From the first line to the last, copy the listing exactly and omit the images.
***** Extracted data
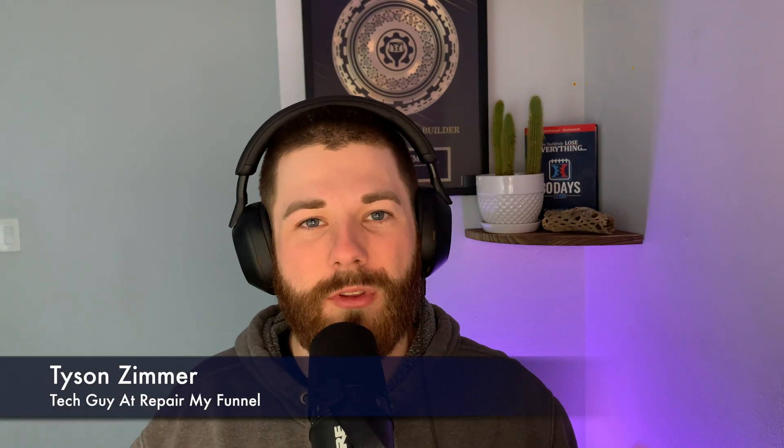Hey, what's going on guys? Hope you're doing fantastic today. My name is Tyson here with Repair My Funnel and today we're diving into the resource of the week which happens to be Designer.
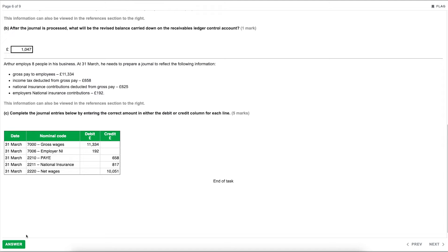Task six is worth 10 marks and is about using the journal to correct errors. This task contains parts A through to D. Part A: identify the type of error described by each statement — four marks. The first: Harry bought a laptop using his personal credit card and forgot to include it in his accounts. When a transaction is completely missed from the accounts, that describes an error of omission — you're effectively omitting the transaction.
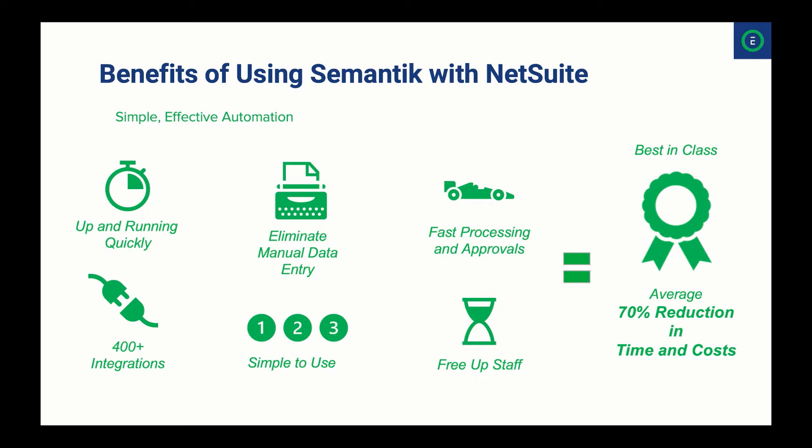Here are just a few of the benefits of combining Symantec with NetSuite, and they include rapid time to production with setup in minutes versus weeks, speeding up your processes and approvals, a simple, easy-to-use interface, over 400 system integrations, and the whole goal of increasing straight through processing, freeing up staff, and helping you become a best-in-class AP organization.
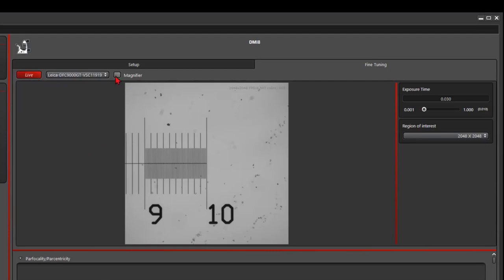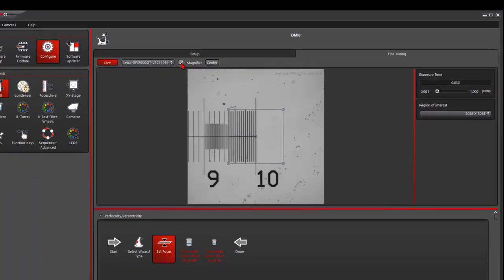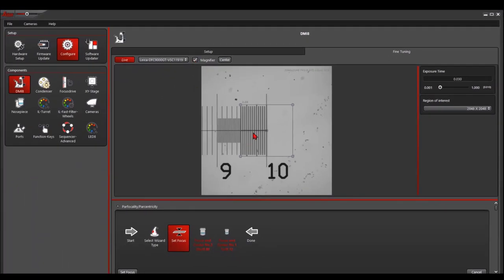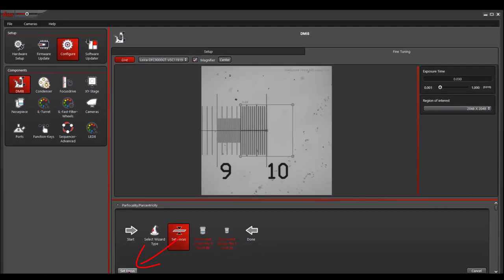You could use the magnifier to enlarge the picture. So after we found the focus, we click set focus.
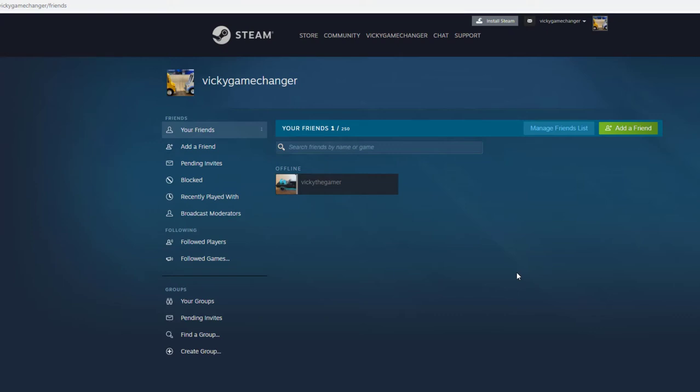So this is the way you can add your friends on your Steam account. That's it. Thank you so much. Bye.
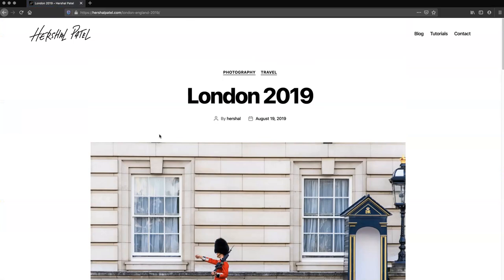Hey everybody. In this tutorial I'm going to show you how to create a WordPress blog on WordPress.com that's very similar to my site, HerschelPatel.com, complete with your first blog post as well as how to create a quick page.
**********
(Worked solution)
Hey, what's going on guys? Hope you're doing fantastic today. My name is Tyson here with Repair My Funnel and today we're diving into the resource of the week which happens to be Designer.
Task six is worth 10 marks and is about using the journal to correct errors. This task contains parts A through to D. Part A: identify the type of error described by each statement — four marks. The first: Harry bought a laptop using his personal credit card and forgot to include it in his accounts. When a transaction is completely missed from the accounts, that describes an error of omission — you're effectively omitting the transaction.
Here are just a few of the benefits of combining Symantec with NetSuite, and they include rapid time to production with setup in minutes versus weeks, speeding up your processes and approvals, a simple, easy-to-use interface, over 400 system integrations, and the whole goal of increasing straight through processing, freeing up staff, and helping you become a best-in-class AP organization.
You could use the magnifier to enlarge the picture. So after we found the focus, we click set focus.
So this is the way you can add your friends on your Steam account. That's it. Thank you so much. Bye.
Hey everybody. In this tutorial I'm going to show you how to create a WordPress blog on WordPress.com that's very similar to my site, HerschelPatel.com, complete with your first blog post as well as how to create a quick page.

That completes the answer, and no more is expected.